Fifth, documents should not be created/destroyed.   Document tampering or spoliation will generally be uncovered during the discovery portion of the action. Such activities may create a basis for very costly sanctions against the lead generator and needlessly complicate matters.

Sixth, lead generators should discuss strategy and defenses with their attorneys.   Is the subpoena even valid? Was it issued through the proper court, served properly, or does it request an appearance outside the relevant territorial limit?  Is it overbroad in scope, does it request documents outside the lead generator’s control or other objectionable matters?

Finally, lead generators should look hard at their contracts. Discuss with counsel what indemnity rights there are and how business relationships may be affected. If the lead generator has obtained good, TCPA compliant express written consent, the parties may want to fast track that information to plaintiff without the need to raise and litigate indemnity claims. Conversely, if the case proceeds, each party may wish to look downstream to the party that provided it with the lead to cover its legal costs.

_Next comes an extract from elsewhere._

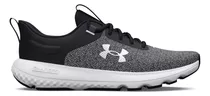 Comprar Championes Under Armour Charged Revitalize Para Hombre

If you are a lead generator and not currently working with experienced telemarketing and Internet marketing counsel versed in the intricacies and nuances of the TCPA, you are almost certainly at risk. Moreover, in-house (as well as corporate) counsel should honestly assess how familiar they are with the TCPA and whether consulting with counsel experienced in TCPA compliance best serves and protects their interests. Proper compliance is the only sure fire way to succeed in a TCPA lawsuit.

This topic should be of interest to any company or individual engaging in online lead generation and telemarketing.